→ **GIVEN RECORDS**
○ ○ ○ ○

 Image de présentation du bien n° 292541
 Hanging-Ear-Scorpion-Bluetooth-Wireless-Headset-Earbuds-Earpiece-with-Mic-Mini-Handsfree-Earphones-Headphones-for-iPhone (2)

○ ○ ○ ○

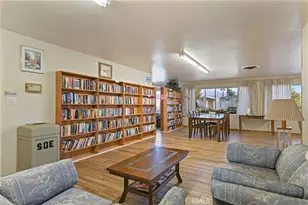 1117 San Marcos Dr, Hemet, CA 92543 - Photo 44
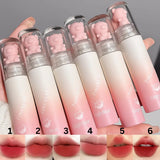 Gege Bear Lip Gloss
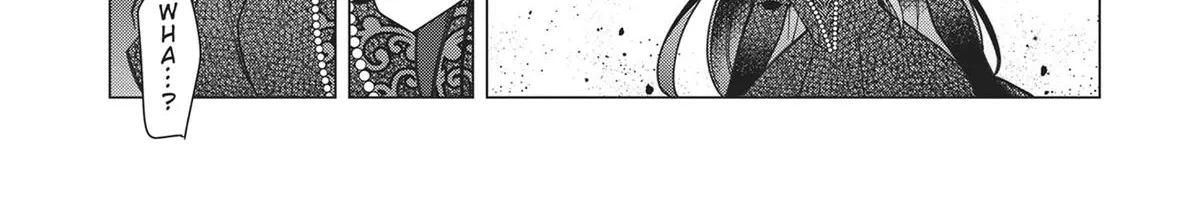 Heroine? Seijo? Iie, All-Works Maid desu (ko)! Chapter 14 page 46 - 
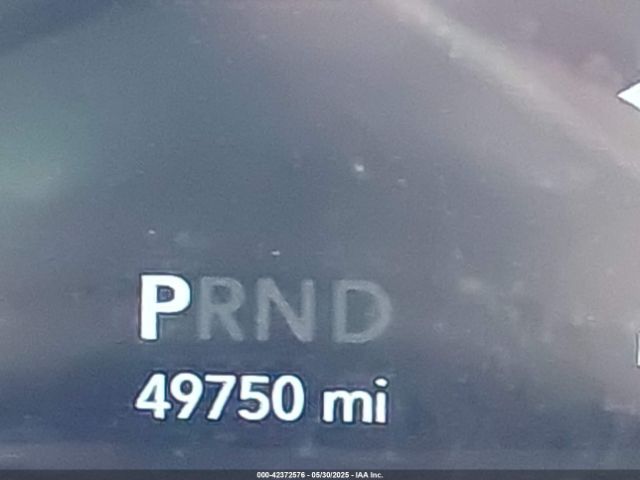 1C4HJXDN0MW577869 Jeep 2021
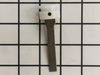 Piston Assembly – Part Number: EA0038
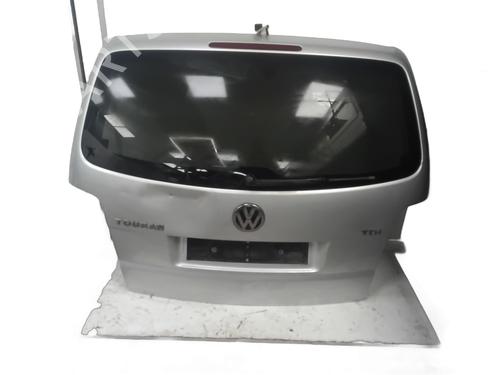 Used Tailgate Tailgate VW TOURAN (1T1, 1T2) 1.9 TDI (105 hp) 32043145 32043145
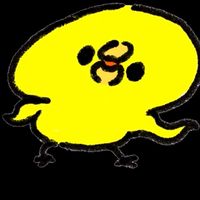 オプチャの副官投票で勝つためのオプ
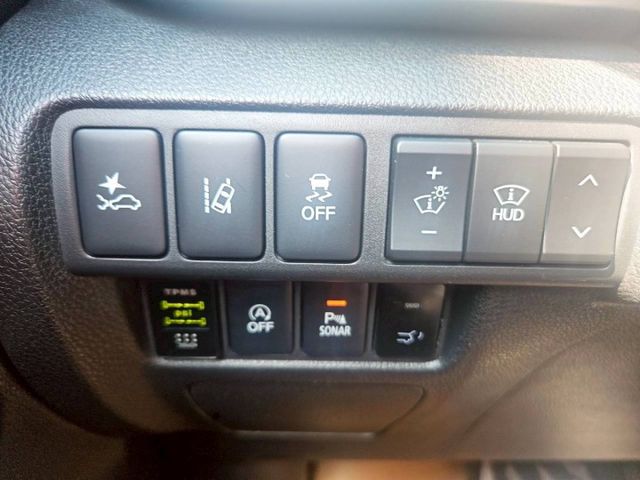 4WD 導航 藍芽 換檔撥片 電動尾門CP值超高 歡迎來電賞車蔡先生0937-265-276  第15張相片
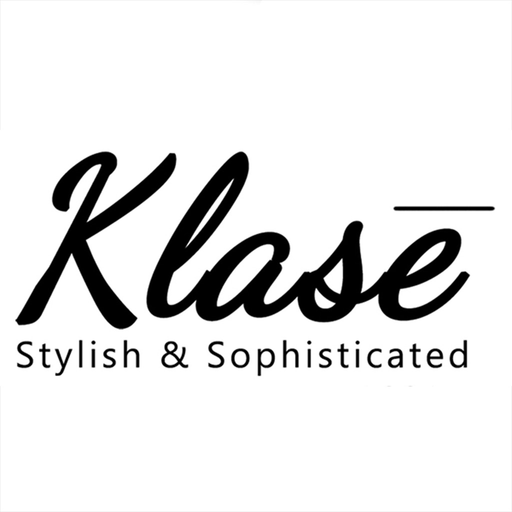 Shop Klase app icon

○ ○ ○ ○

→ **WORK TO COMPLETE**
Reproduce the listing above only between the lines holding "Heroine? Seijo? Iie, All-Works" and "Shop Klase app icon", inclusive. Every line must match exactly, and pictures are dropped.

→ **ANSWER SECTION**
 Heroine? Seijo? Iie, All-Works Maid desu (ko)! Chapter 14 page 46 - 
 1C4HJXDN0MW577869 Jeep 2021
 Piston Assembly – Part Number: EA0038
 Used Tailgate Tailgate VW TOURAN (1T1, 1T2) 1.9 TDI (105 hp) 32043145 32043145
 オプチャの副官投票で勝つためのオプ
 4WD 導航 藍芽 換檔撥片 電動尾門CP值超高 歡迎來電賞車蔡先生0937-265-276  第15張相片
 Shop Klase app icon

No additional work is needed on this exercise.